Well, that's how it was explained to me, and knowing AT&T as
well as I do, I believe this was a correct explanation.
>
> After divestiture, if it did quit, if *anything* inboard of the demarc
> died, the customer had to eat it. Ergo only crappy phones were made
> thereafter.
That is correct.
> [1] Last month, we were switched from pulse to tone by accident and
> ignorance of the marketing guy who was playing tech during the
> strike. Until then we were using old dial phones (1200 sets?)
> installed in 1973. Some years ago I slugged a hand hewn rafter
> truss in an ill-conceived attempt to seat it better. It came
> un-pegged and popped clear out of its rebates. Annnd the skis,
> spare molding, kids' jr. high projects and pine boards stored up
> there came down around my ears, missing me completely but smashing
> several square inches out of the bedside phone case. It' was
> still working fine when they switched off pulse last month.
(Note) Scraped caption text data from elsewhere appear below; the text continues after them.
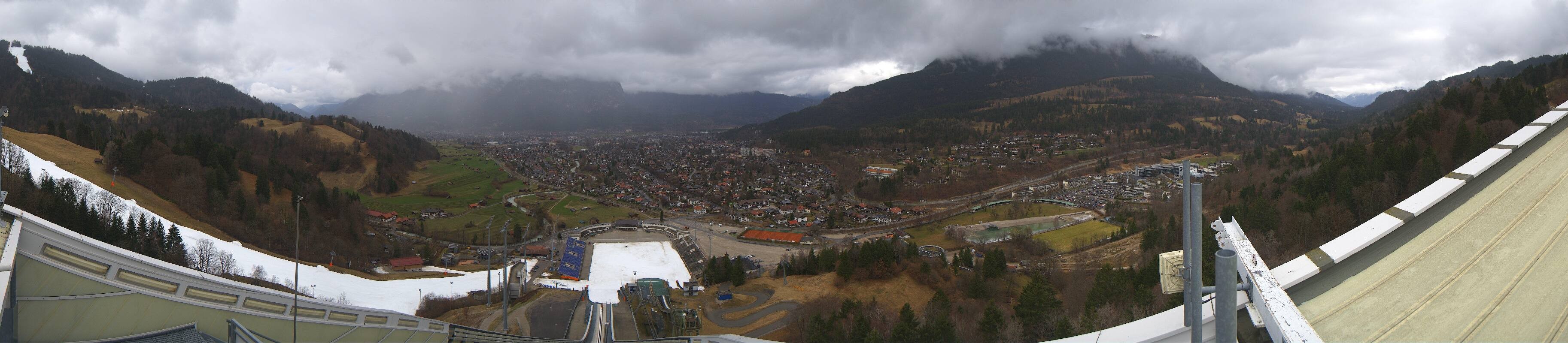 Archived image Webcam Garmisch-Partenkirchen Olympia Hill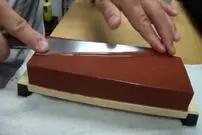 (ویدئو) نحوه تیز کردن چاقو با سنگ به سبک استاد مشهور ژاپنی 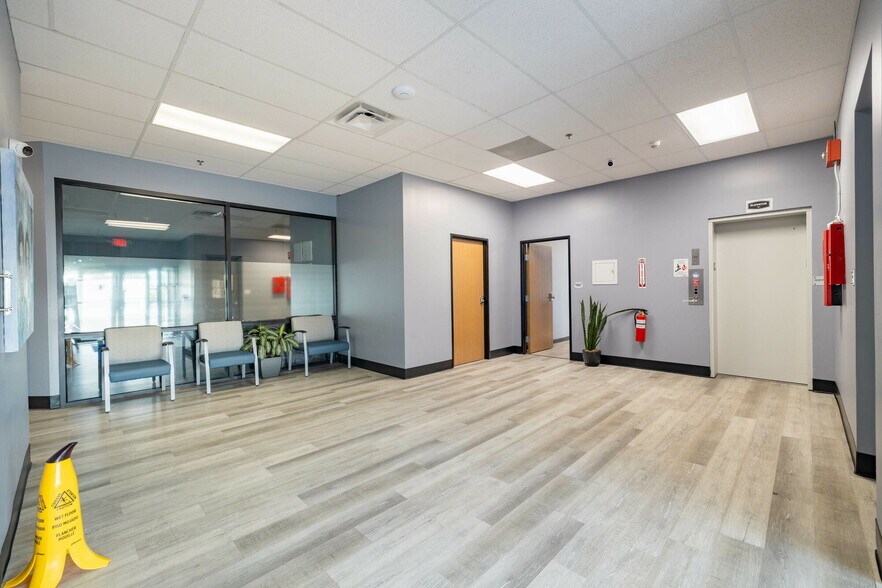 More Photos Of 42350 Grand River Ave, Novi Office For Sale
The phone company HATES people like you. Just thought you'd
like to know that. :)
>
> [2] I've had my son (who lives in Halifax) watching for 2500-sets for
> a couple of years when he visits junk stores. Those are the ones
> that look more or less like an iconic dial phone but have a key
> pad in place of the dial. Last made circa 1986 I think. We have
> 4, two of which work and two of which will probably make one good
> one.
Those are great phones. I used to have several of them that I,
erm... "acquired" from AT&T. I think they're gone now. Shame.